S’il a vite appris la langue, Gregor n’a pas la mentalité des chefs d’entreprise et autres financiers américains qui profitant de ses talents le laissent ensuite sur la paille. L’ingénieur se fait alors manœuvre sur des chantiers. Les vaches maigres ne durent pas et c’est pour la Western Union, concurrent direct d’Edison, que Gregor s’en va travailler et mettre au point l’électricité alternative. Ce qui contrarie Edison qui va s’employer à démontrer que le courant alternatif, c’est mal.

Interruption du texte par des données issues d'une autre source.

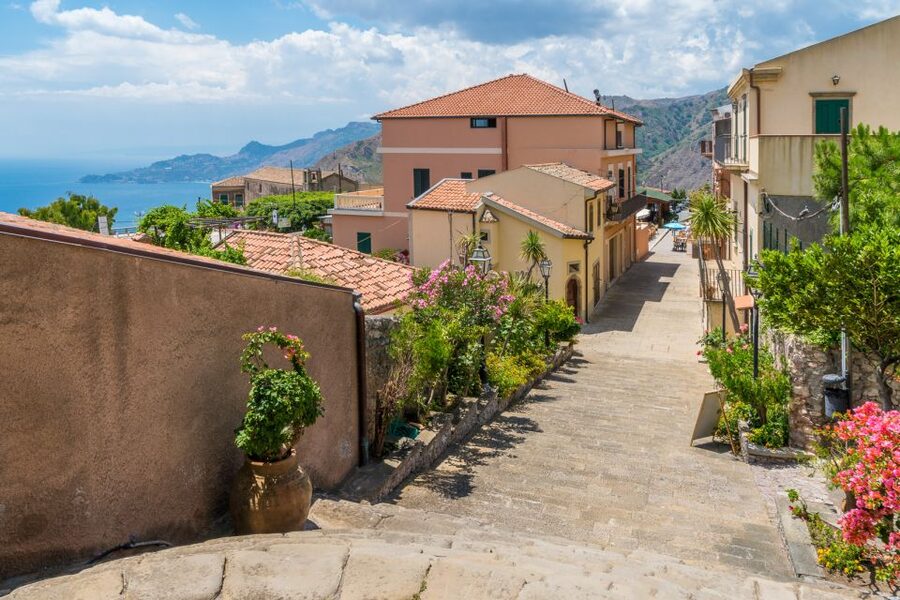 From Catania: Guided Godfather Tour with Taormina Visit - Should you book this tour?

D’où la chaise électrique, « un contre-argument publicitaire » comme l’écrit Jean Echenoz qui manie l’humour noir avec délice. L’exécution de William Kemmler, premier condamné à mort à passer sur la chaise électrique en est un brillant exemple : l’exécution atroce est racontée avec force détails sur un ton aussi léger que macabre : un morceau d’anthologie signé Jean Echenoz.

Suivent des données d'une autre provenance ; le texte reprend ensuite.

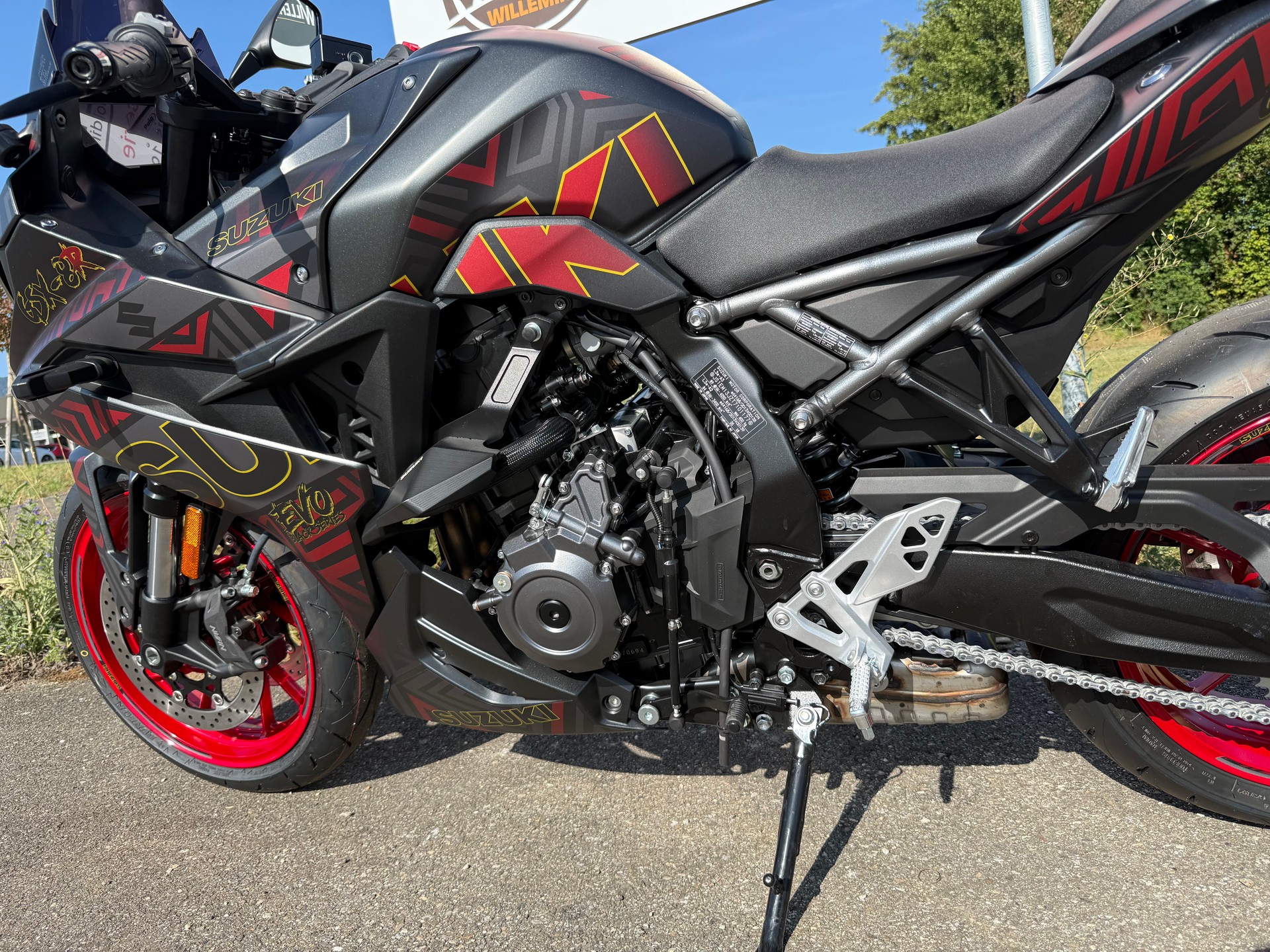 SUZUKI GSX 8 S EVO-showroom-element-3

La première tentative d’exécution échoue : après un choc électrique de mille volts, administré pendant vingt-sept secondes, Kemmler est encore vivant. On souhaite évidemment renouveler l’opération au plus tôt mais le générateur a besoin d’un certain temps pour se recharger. Il faut donc attendre un bon moment, fastidieux intervalle durant le quel on peut entendre hurler et gémir Kemmler, horriblement brûlé, ce qui produit une excellente ambiance dans le local. Une fois le générateur remis en marche, on procède à un deuxième essai pendant la longue minute duquel on fait cette fois monter la tension à deux mille volts : se répand très vite alors une forte odeur de chair grillée cependant que de longues étincelles jaillissent des membres de Kemmler, sa sueur abondante se transforme progressivement en sang, une épaisse colonne de fumée commence à s’élever de sa tête et ses yeux tentent avec succès de s’échapper de leurs orbites jusqu’à ce que, certifié par un médecin légiste, son décès ne soit plus douteux.
Voilà qui est fait. Après ce premier condamné calciné, les fâcheux effets du courant alternatif sur l’homme sont désormais indiscutables, Thomas Edison n’est pas mécontent.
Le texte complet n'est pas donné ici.